(BRIEF): Please copy every line from the records below that contains the string "Pleated".

(Recorded data)
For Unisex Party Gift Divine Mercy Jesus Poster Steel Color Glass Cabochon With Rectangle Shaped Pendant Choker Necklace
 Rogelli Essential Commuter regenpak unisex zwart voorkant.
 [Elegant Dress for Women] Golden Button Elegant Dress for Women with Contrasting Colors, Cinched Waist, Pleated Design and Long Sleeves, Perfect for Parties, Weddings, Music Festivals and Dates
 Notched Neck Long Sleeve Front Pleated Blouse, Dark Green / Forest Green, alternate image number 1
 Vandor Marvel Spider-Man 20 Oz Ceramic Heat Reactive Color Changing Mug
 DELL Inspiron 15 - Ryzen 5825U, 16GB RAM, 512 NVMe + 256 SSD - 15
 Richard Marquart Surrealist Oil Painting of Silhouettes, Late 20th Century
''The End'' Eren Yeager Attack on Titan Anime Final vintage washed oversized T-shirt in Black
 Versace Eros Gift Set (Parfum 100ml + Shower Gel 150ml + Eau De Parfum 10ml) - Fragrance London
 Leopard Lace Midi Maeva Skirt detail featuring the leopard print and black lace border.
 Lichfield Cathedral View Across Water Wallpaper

(EXERCISE RESPONSE):
 [Elegant Dress for Women] Golden Button Elegant Dress for Women with Contrasting Colors, Cinched Waist, Pleated Design and Long Sleeves, Perfect for Parties, Weddings, Music Festivals and Dates
 Notched Neck Long Sleeve Front Pleated Blouse, Dark Green / Forest Green, alternate image number 1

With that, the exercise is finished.